◆ Exercise goal: Below is a listing with pictures in it; transcribe exactly the lines from the one that has "Oficjalne podpisanie umowy" through the one that has "V-ringad off-shoulder tröja", and omit those pictures.

Record excerpts below:

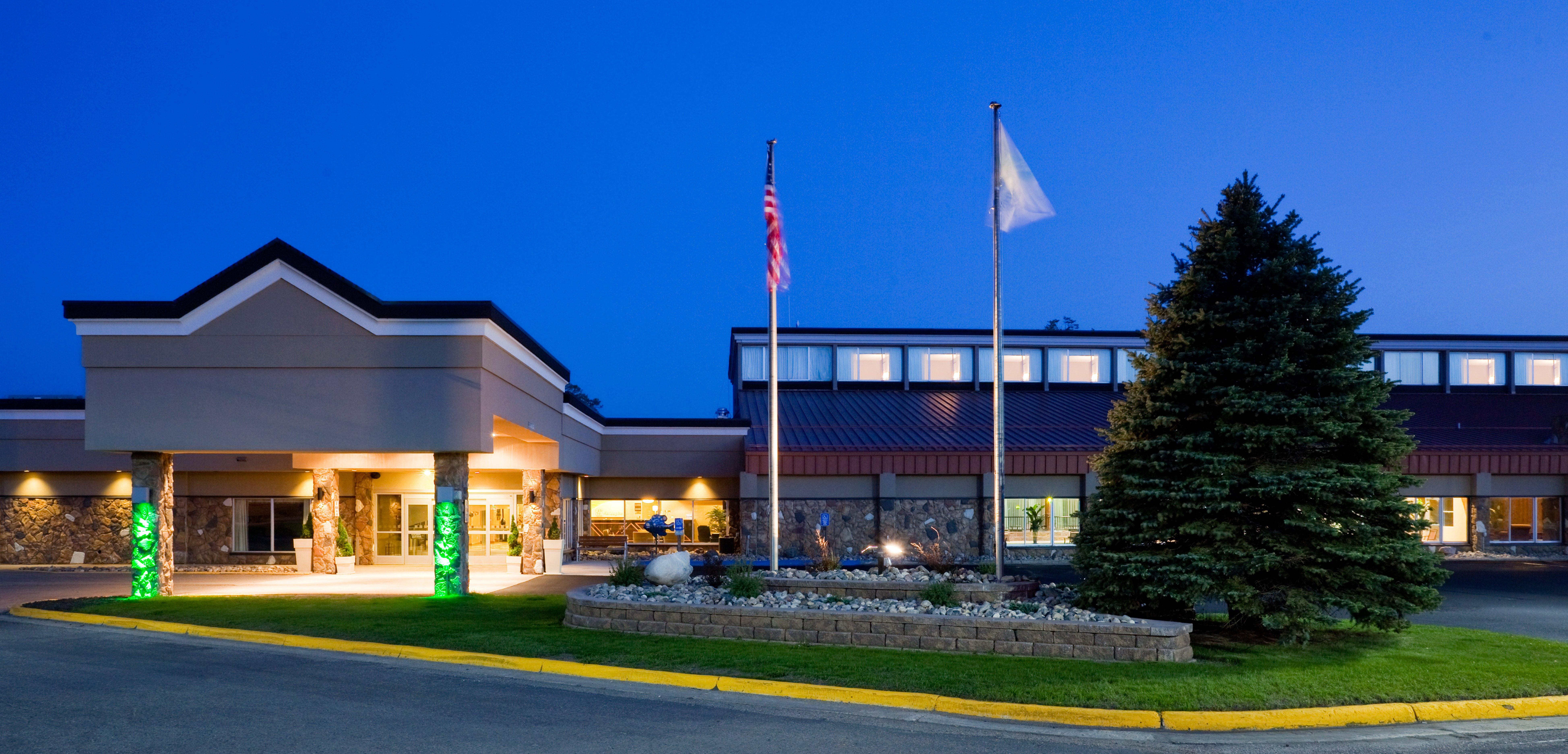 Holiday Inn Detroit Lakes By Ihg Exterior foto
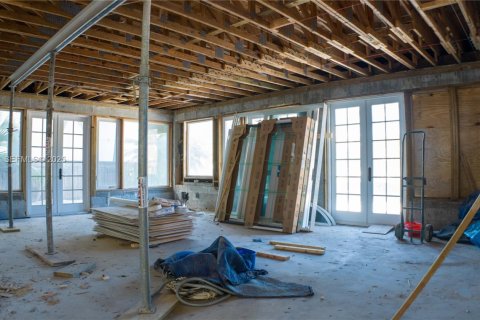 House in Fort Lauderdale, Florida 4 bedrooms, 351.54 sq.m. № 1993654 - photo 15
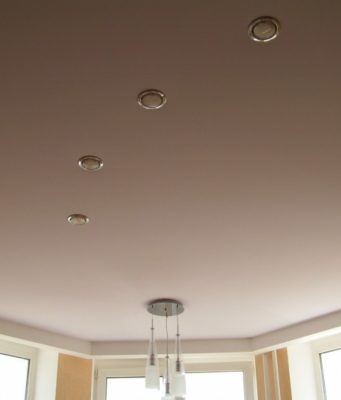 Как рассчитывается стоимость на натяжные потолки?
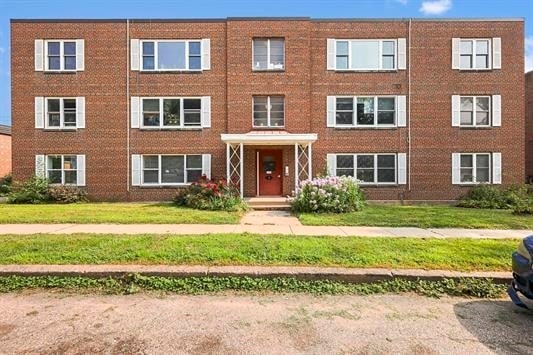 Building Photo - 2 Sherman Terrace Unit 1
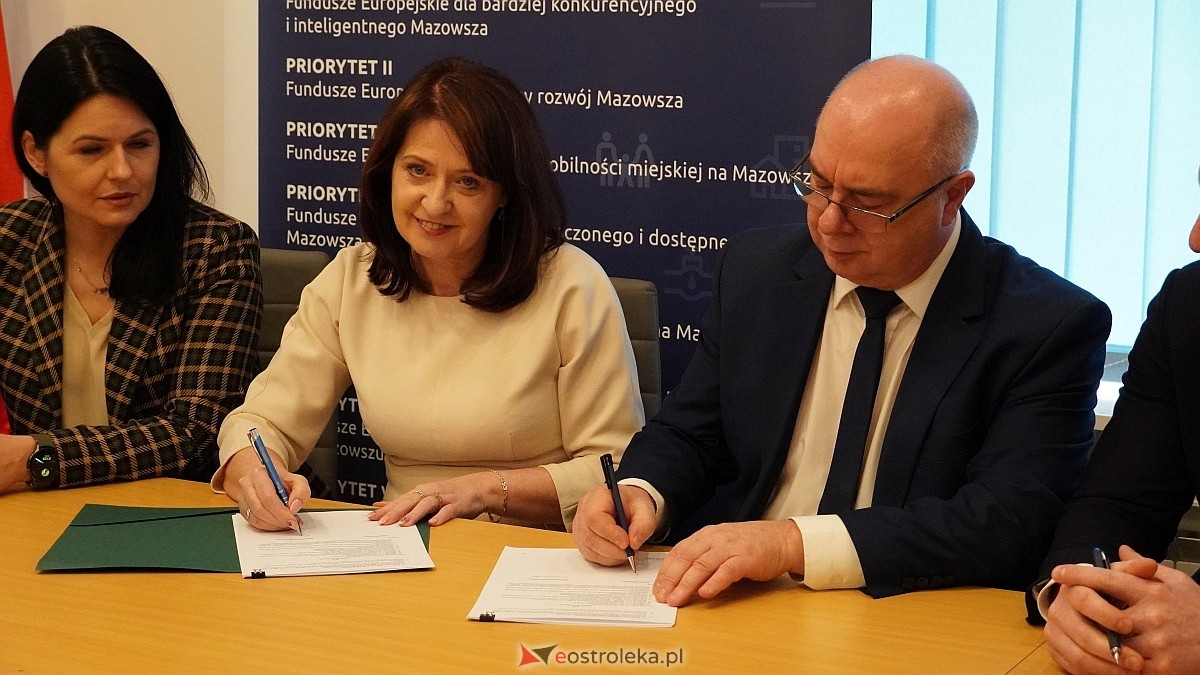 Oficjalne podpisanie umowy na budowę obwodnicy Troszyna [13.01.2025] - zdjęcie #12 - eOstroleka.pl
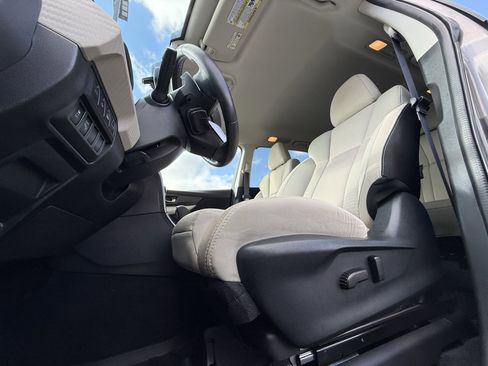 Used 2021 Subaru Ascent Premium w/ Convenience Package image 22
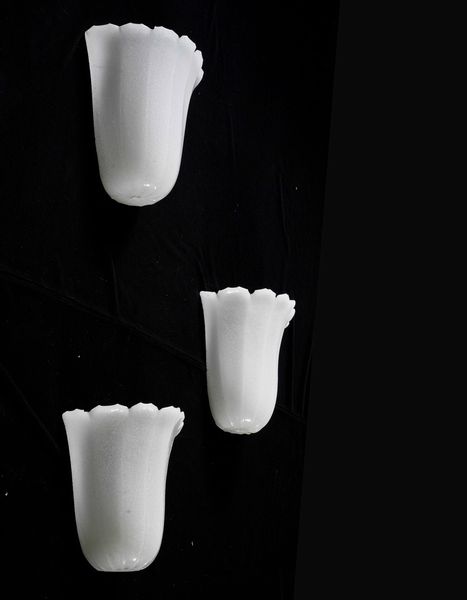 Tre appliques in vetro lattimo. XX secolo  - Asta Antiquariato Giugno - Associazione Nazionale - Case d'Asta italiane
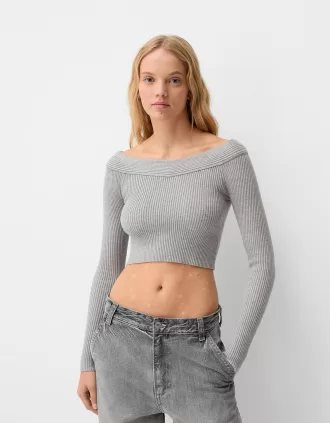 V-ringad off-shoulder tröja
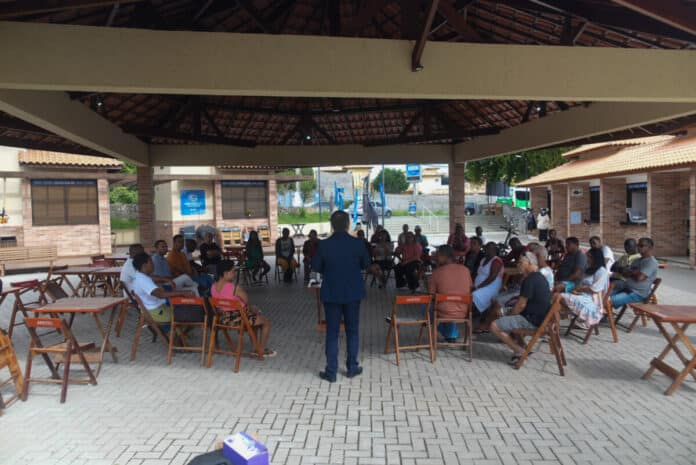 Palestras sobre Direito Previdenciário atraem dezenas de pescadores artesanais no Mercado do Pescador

End of Record excerpts.
Record excerpts below:

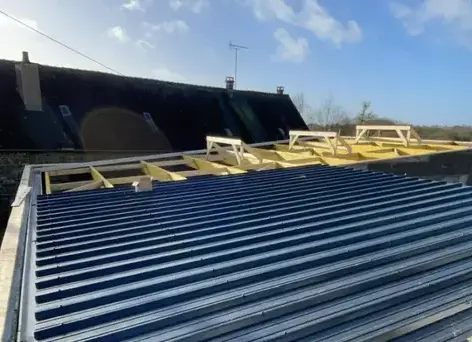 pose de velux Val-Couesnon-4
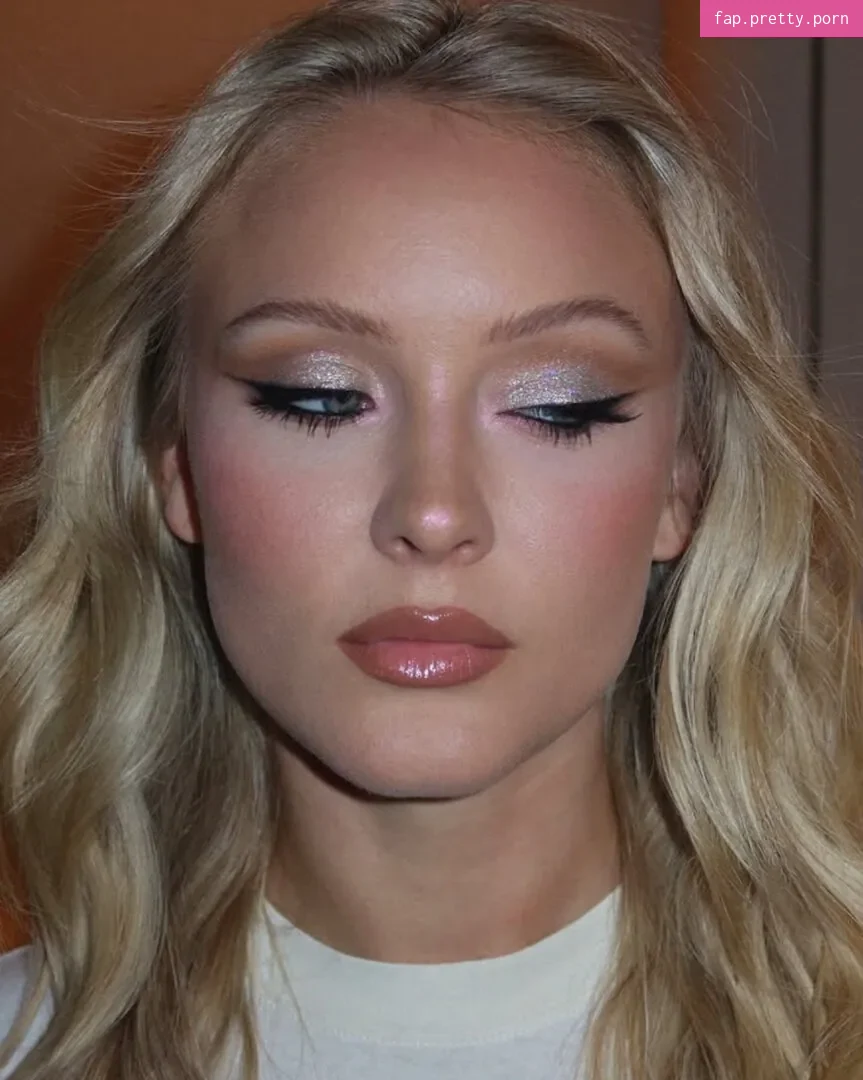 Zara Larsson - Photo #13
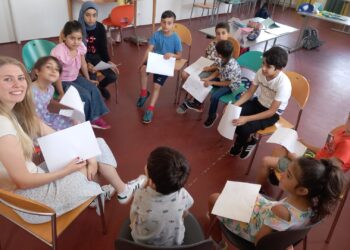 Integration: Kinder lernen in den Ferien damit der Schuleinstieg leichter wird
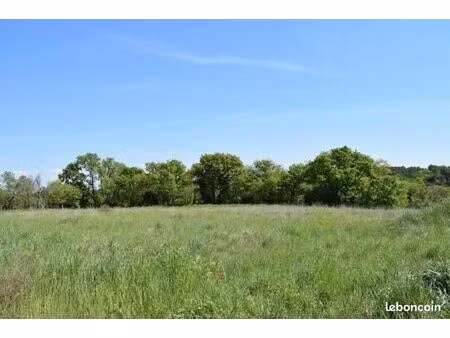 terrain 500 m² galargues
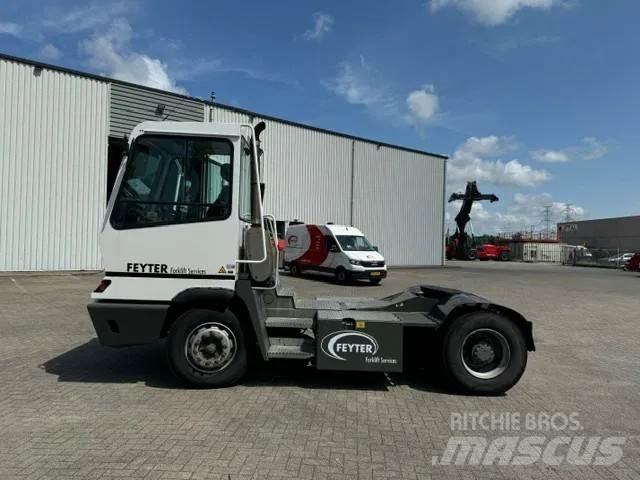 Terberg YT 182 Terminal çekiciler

End of Record excerpts.
Record excerpts below:

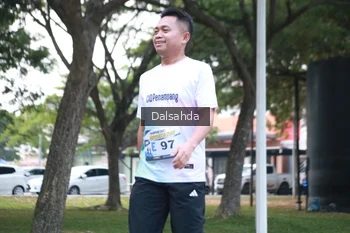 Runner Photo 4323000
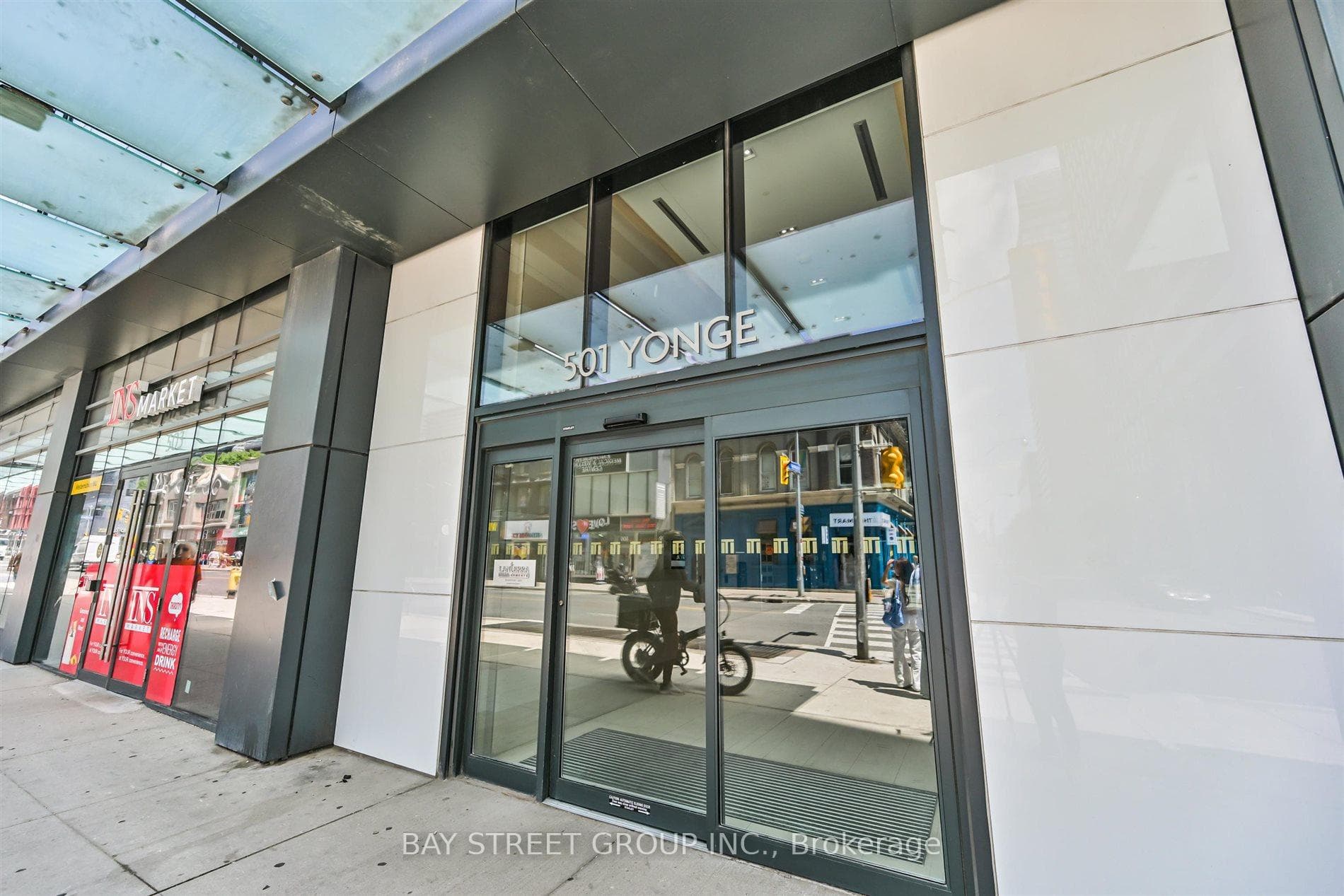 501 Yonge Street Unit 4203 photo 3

End of Record excerpts.

◆ Answer space:
 Oficjalne podpisanie umowy na budowę obwodnicy Troszyna [13.01.2025] - zdjęcie #12 - eOstroleka.pl
 Used 2021 Subaru Ascent Premium w/ Convenience Package image 22
 Tre appliques in vetro lattimo. XX secolo  - Asta Antiquariato Giugno - Associazione Nazionale - Case d'Asta italiane
 V-ringad off-shoulder tröja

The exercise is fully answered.